THE TASK: Exclude pictures and give again exactly the lines of the listing, beginning with its first line and ending with the one that contains "What Are the Signs of Generator Overload?".

☆ ☆ ☆ ☆ ☆ ☆ ☆

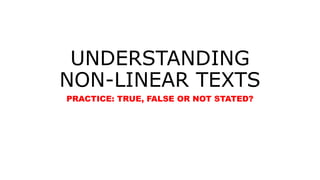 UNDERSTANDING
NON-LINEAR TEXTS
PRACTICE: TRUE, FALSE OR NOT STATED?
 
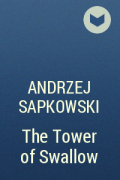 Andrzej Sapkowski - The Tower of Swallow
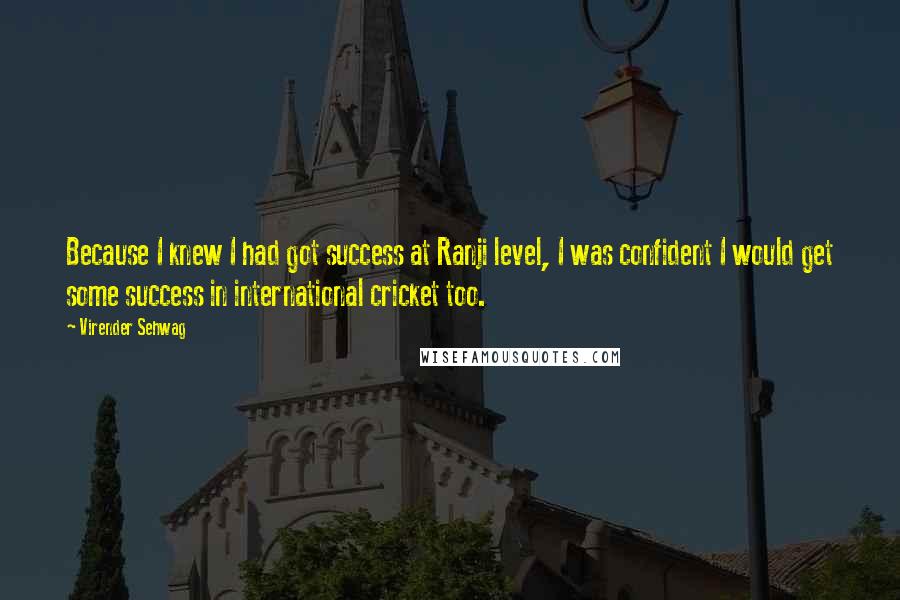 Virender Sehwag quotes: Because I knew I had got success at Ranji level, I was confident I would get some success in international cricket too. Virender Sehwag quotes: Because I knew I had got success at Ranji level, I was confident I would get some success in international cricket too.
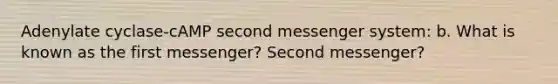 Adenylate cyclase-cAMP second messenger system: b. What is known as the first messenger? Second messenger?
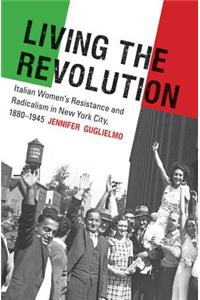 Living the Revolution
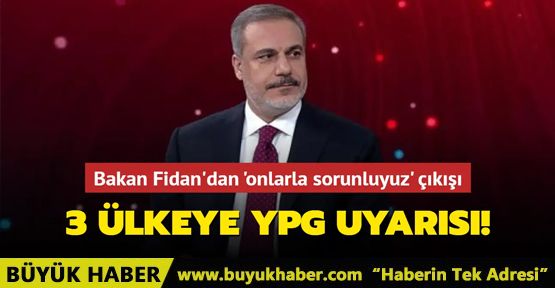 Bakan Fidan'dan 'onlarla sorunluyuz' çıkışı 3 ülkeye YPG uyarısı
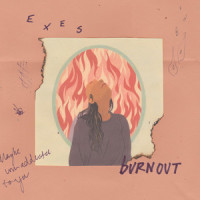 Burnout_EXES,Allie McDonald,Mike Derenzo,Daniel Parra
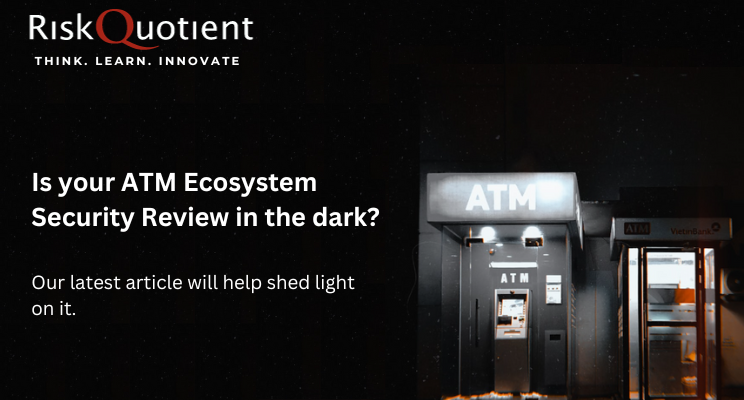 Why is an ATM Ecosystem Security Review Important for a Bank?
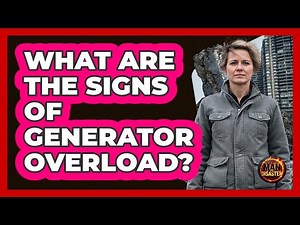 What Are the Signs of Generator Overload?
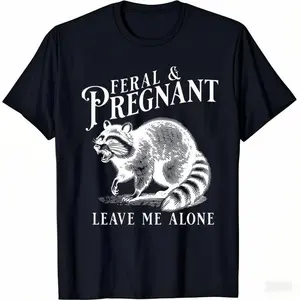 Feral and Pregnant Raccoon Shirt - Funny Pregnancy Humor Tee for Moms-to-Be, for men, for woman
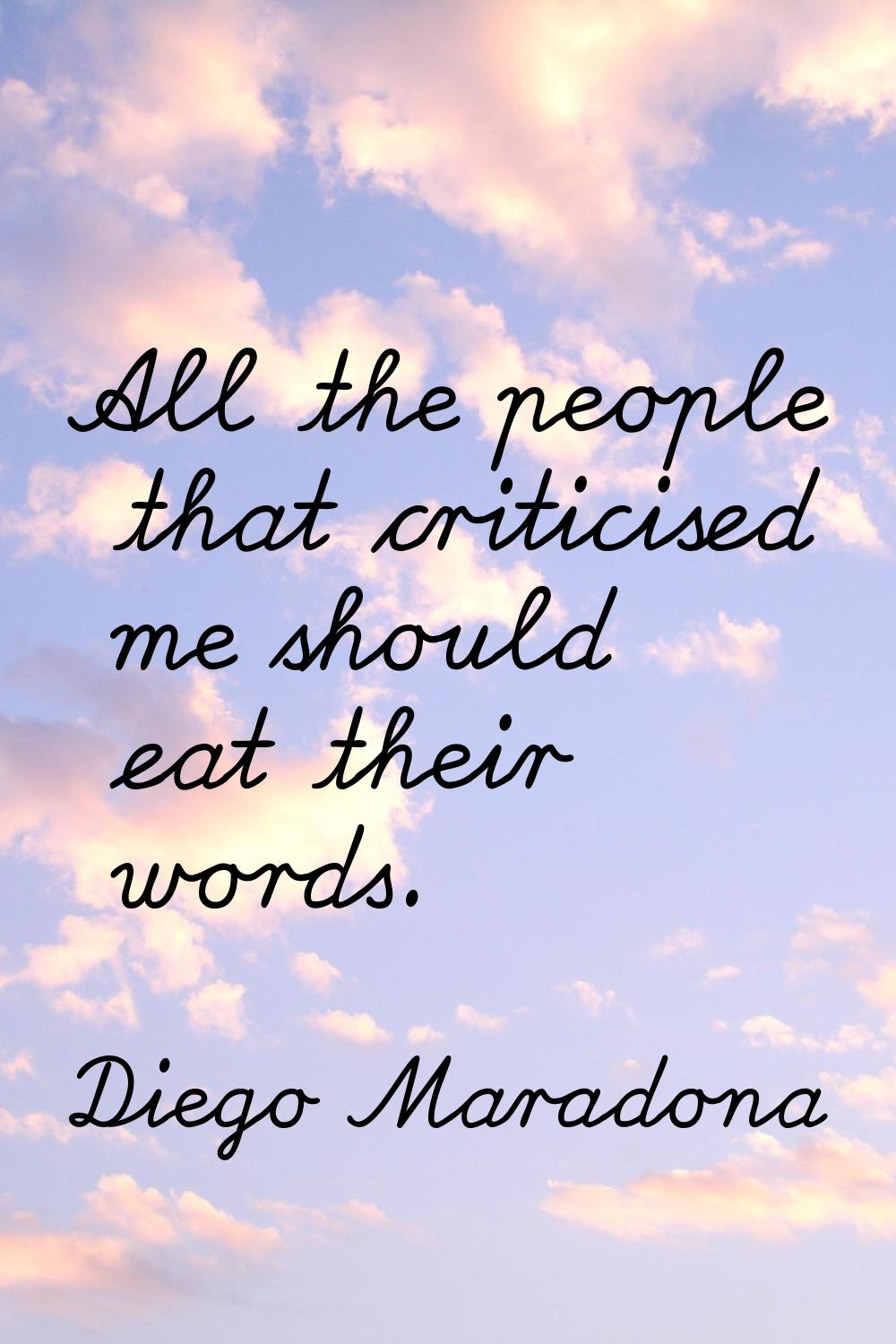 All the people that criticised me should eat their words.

☆ ☆ ☆ ☆ ☆ ☆ ☆

WRITTEN RESPONSE:
 UNDERSTANDING
NON-LINEAR TEXTS
PRACTICE: TRUE, FALSE OR NOT STATED?
 
 Andrzej Sapkowski - The Tower of Swallow
 Virender Sehwag quotes: Because I knew I had got success at Ranji level, I was confident I would get some success in international cricket too. Virender Sehwag quotes: Because I knew I had got success at Ranji level, I was confident I would get some success in international cricket too.
 Adenylate cyclase-cAMP second messenger system: b. What is known as the first messenger? Second messenger?
 Living the Revolution
 Bakan Fidan'dan 'onlarla sorunluyuz' çıkışı 3 ülkeye YPG uyarısı
 Burnout_EXES,Allie McDonald,Mike Derenzo,Daniel Parra
 Why is an ATM Ecosystem Security Review Important for a Bank?
 What Are the Signs of Generator Overload?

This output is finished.